** What you are asked to do **
Write out exactly the lines of the entries below from the one holding "Guess dėklas Grained" to the one holding "Slimming Lightweight Wedding", inclusive, and leave out all other lines.

** Dataset excerpts **
┄┄┄┄┄┄┄┄┄┄

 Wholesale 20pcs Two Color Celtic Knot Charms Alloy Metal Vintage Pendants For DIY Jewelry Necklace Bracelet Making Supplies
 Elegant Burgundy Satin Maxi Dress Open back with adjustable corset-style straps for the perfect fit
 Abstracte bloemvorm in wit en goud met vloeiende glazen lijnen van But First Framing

┄┄┄┄┄┄┄┄┄┄

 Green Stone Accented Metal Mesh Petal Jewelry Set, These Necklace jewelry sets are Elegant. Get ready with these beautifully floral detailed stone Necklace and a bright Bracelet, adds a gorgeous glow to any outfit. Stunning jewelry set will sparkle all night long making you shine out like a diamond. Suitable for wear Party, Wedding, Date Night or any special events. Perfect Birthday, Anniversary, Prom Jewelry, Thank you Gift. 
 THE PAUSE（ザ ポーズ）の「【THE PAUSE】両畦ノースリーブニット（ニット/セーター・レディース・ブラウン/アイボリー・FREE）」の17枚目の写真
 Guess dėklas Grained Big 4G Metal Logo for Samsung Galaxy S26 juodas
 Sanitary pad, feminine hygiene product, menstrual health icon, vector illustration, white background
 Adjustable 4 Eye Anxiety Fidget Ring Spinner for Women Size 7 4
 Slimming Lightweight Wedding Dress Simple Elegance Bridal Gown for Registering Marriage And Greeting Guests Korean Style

┄┄┄┄┄┄┄┄┄┄

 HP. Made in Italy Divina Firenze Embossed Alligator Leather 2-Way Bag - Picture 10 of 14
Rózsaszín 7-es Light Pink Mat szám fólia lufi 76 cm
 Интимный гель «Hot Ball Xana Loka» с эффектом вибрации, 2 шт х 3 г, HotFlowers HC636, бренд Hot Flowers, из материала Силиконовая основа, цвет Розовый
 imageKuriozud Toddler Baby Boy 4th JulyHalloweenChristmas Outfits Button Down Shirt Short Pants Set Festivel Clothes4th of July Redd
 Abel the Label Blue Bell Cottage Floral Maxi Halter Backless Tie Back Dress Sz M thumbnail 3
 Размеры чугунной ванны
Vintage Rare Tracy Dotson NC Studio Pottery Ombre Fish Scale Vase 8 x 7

┄┄┄┄┄┄┄┄┄┄

** Solved problem **
 Guess dėklas Grained Big 4G Metal Logo for Samsung Galaxy S26 juodas
 Sanitary pad, feminine hygiene product, menstrual health icon, vector illustration, white background
 Adjustable 4 Eye Anxiety Fidget Ring Spinner for Women Size 7 4
 Slimming Lightweight Wedding Dress Simple Elegance Bridal Gown for Registering Marriage And Greeting Guests Korean Style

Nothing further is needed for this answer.